Stored data entries
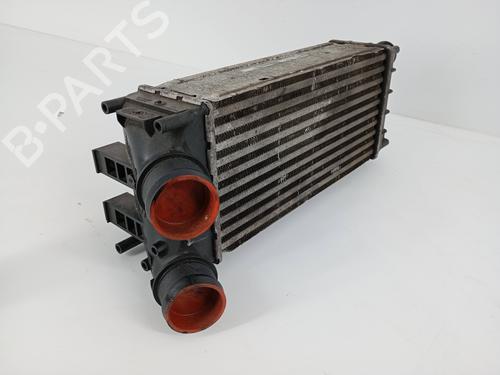 Intercooler PEUGEOT PARTNER Box Body/MPV 1.6 HDi | BP31117436M30 - Image 2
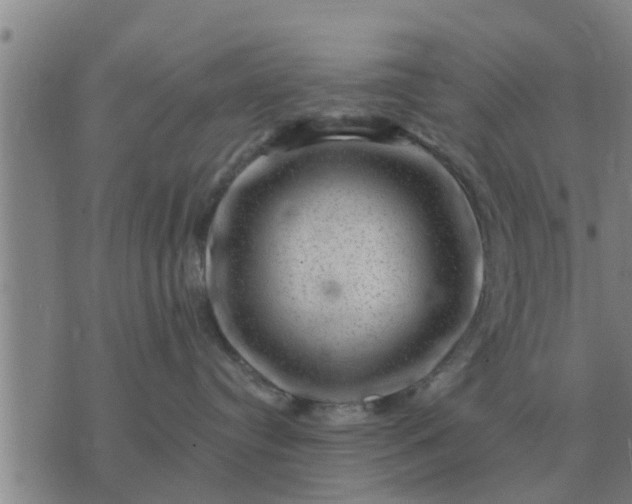 X0000074340384200609082103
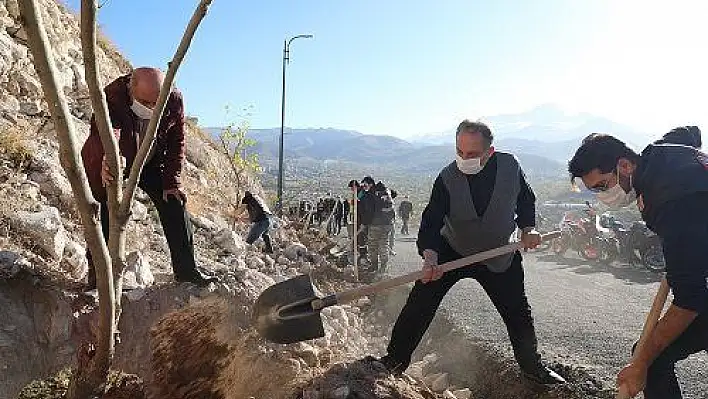 Ali Dağı'nda 20 bin ağaç daha toprakla buluştu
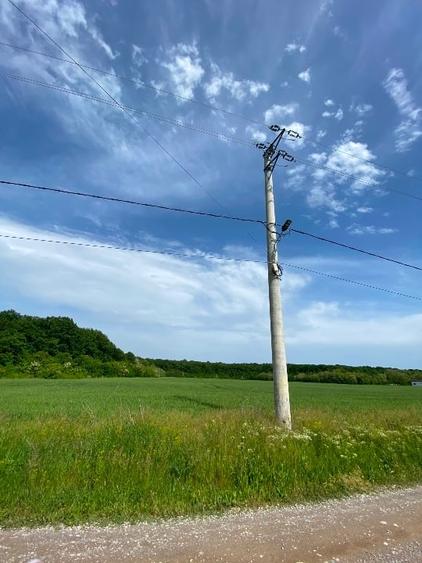 TereCiofliceni 5690 mp.Deschidere de 50m. - 3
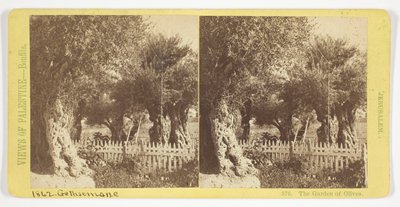 Der Garten der Oliven, Jerusalem, Nr. 576 aus der Serie "Ansichten von Palästina" - Félix Bonfils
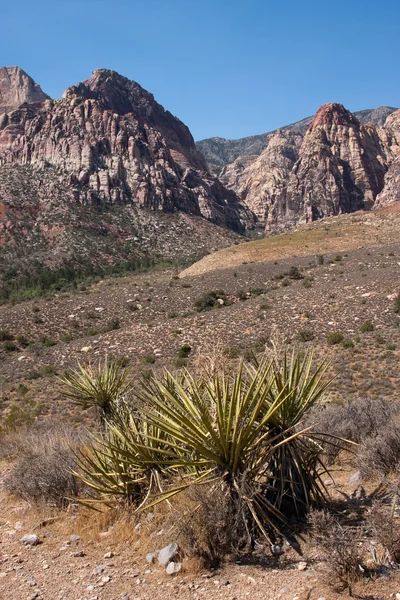 Joschua-Baum an der roten Felsschlucht in Nevada. — Stockfoto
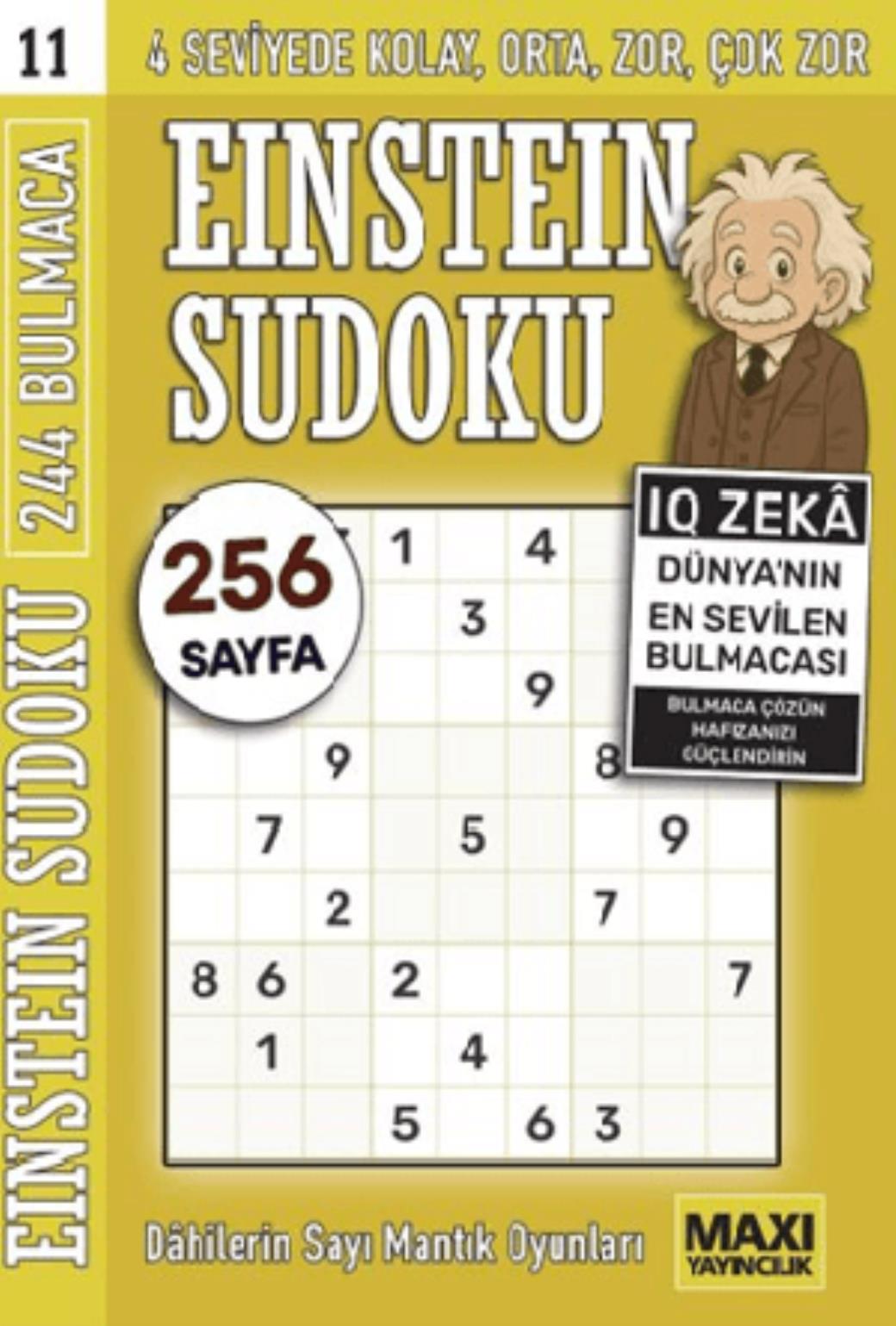 Einstein Sudoku 11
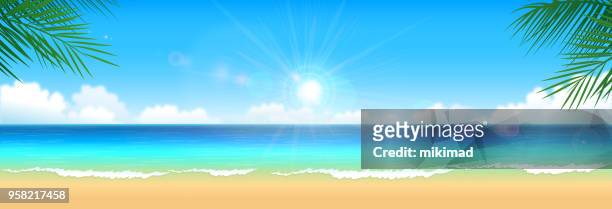 tropical beach background - panoramic stock illustrations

▶ WORK INSTRUCTIONS
Would you give again, exactly as written, the lines from the one containing "X0000074340384200609082103" through the end of the records, with no pictures and no other lines?

▶ ANSWER
 X0000074340384200609082103
 Ali Dağı'nda 20 bin ağaç daha toprakla buluştu
 TereCiofliceni 5690 mp.Deschidere de 50m. - 3
 Der Garten der Oliven, Jerusalem, Nr. 576 aus der Serie "Ansichten von Palästina" - Félix Bonfils
 Joschua-Baum an der roten Felsschlucht in Nevada. — Stockfoto
 Einstein Sudoku 11
 tropical beach background - panoramic stock illustrations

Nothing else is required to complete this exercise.